Sinn Féin leader Gerry Adams was left cooling his heels outside the White House — for St Patrick's Day celebrations, no less — and the US Secret Service is now apologising for denying him entrance to attend a reception hosted by President Barack Obama where he was an invited guest.
Adams was blocked from entering the White House by Secret Service agents because of "security concerns," according to Adams' staff. The agency is now blaming an administrative blunder, reports CNN.
"I had received my usual invitation to attend the St Patrick's Day celebrations in the White House and was pleased to accept," Adams said in a statement. "When I arrived the staff at the White House informed me that there was an issue of security."
He added: "After two decades of traveling back and forth to the USA and countless meetings in the White House with successive US presidents, this is an unacceptable development.

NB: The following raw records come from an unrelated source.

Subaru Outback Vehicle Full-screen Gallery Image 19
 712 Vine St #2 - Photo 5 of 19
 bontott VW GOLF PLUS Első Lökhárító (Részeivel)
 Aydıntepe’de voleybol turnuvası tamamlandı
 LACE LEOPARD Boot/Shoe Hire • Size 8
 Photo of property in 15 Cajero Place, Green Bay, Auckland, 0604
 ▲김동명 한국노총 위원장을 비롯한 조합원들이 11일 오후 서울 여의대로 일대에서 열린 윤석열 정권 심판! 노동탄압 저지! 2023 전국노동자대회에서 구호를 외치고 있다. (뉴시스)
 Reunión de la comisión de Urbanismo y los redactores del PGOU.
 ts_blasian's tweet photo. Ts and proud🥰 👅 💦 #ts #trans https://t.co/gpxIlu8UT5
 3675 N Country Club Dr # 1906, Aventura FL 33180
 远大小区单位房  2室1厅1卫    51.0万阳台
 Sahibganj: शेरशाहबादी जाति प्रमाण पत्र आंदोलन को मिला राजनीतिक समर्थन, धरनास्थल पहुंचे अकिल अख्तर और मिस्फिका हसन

It is obvious that there remain some within the US administration who seek to treat Sinn Fein differently."
The Secret Service said in a statement that it was sorry the reception issue hadn't been "resolved in a more timely manner." Adams waited for over an hour while agents attempted to "clear him," but left before he was allowed inside.
"Unfortunately, an administrative input error received by the Secret Service was not able to be rectified promptly," said the Secret Service statement. Sinn Féin's deputy party leader, Mary Lou McDonald, and Sinn Féin's Northern Ireland deputy first minister, Martin McGuinness, were both admitted.
Adams, McDonald and McGuinness later met with the American Congressional Friends of Ireland, the Guardian reported. "They too shared our grave disappointment at the White House situation and expressed their determination to have this issue resolved," said Adams. "Sinn Féin will not sit at the back of the bus for anyone. We are elected to represent citizens and we will do this."
Adams, a prominent Catholic politician who helped broker peace in Northern Ireland, has been the president of his party since 1983. Sinn Féin, once the political wing of the Irish Republican Army, is an opposition party in the Republic of Ireland and the second-largest party in Northern Ireland's legislature.
Adams was arrested in April 2015 and questioned in the unsolved 1972 murder of mother-of-10 Jean McConville, who had been wrongly suspected of being an informer against the IRA. He was released after 96 hours of questioning, and no charges were brought against him.
"I am conscious there is another family at the heart of this. That is the family of Jean McConville," Adams said later at a press conference. "Let me be very clear, I am innocent of any conspiracy to abduct, kill and bury Jean McConville."
Officials did launch a case in late 2015 against IRA member Ivor Bell based on information he provided student researchers from Boston College.